En 40 ans d’aviation, excellemment placé pour rencontrer autant les pilotes que les exploitants, je n’ai jamais discerné de communion entre les deux parties, comme si les pilotes n’étaient considérés par les gestionnaires que comme un mal nécessaire ; sauf exception bien sûr, et un nom me vient du reste à l’esprit, celui de Jean-Louis Hallot qui aimait ses pilotes comme des frères et avait le même sens du sacerdoce qu’un Didier Daurat.
Mais mon intention n’est pas de polémiquer, je ne retiendrais ici que le mot « nécessaire ». Il me semble juste, je le vérifie à chaque fois que je discute avec des lecteurs qui pilotent dans toutes les compagnies du globe. Ils témoignent de l’intérêt d’avoir à bord des hommes qui raisonnent, imaginatifs pour déjouer les pièges. Aucun ne me parle vraiment de routine abêtissante et même s’ils se savent effectivement devenus les conducteurs d’autobus dont voulait le même Daurat, ils restent affûtés comme des couteaux suisses.

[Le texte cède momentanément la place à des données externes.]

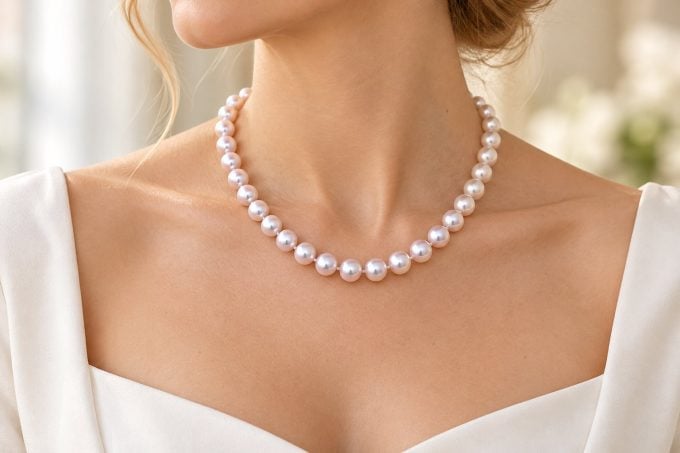 7.5-8 mm White Akoya Pearl Necklace A+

« Faire voler un Airbus sans pilote, c’est facile, on sait faire mais cela ne se fera pas car les passagers n’admettront jamais de grimper dans un avion sans pilote » m’avait-on dit il y a des années lors d’une visite aux Essais en Vol d’Airbus à Toulouse. Du reste, où est l’exploit ? S’il m’en souvient, j’ai aperçu un chasseur bombardier revenir de vol sans pilote à Mojave, en Californie, dans les années 90, les drones n’avaient pas encore été inventés mais l’US Air Force se souciait déjà de la vie de ses pilotes de combat.
Quand j’ai reposé la même question à un pilote des mêmes EV d’Airbus l’année dernière, sa réponse m’a rassuré : « La bonne blague ! Bien sûr, on sait faire, mais il y a bien trop d’inconnues à gérer tout autour de l’avion pour qu’on prenne un jour un tel risque ! »
Je pense qu’on formera des pilotes encore très longtemps et, même caractériels, nous serons rassurés de les savoir dans leur cockpit. J’en suis d’autant plus certain que le dernier rapport sur la sécurité aérienne plaide en leur faveur.
Jacques Callies
*https://neo.ubs.com : «Meaningful savings can be generated via mission optimisation, greater predictability, and reduced flight crew and training costs. We think the aerospace suppliers, OEMs and commercial airlines would retain some of the considerable benefit: (1) more than $26bn in pilot cost savings for the airlines under UBS coverage, up to $3bn in pilot savings for the business jet industry, and $2.1bn for civil helicopters; (2) flight optimisation savings could be significant, e.g. over $1bn, at 1% of global airlines’ $133bn 2016 fuel bill; (3) more than $3bn/year in savings from lower insurance premiums (safer flights) and pilot training costs; and (4) a revenue opportunity from increased utilisation rates (cargo and commercial).»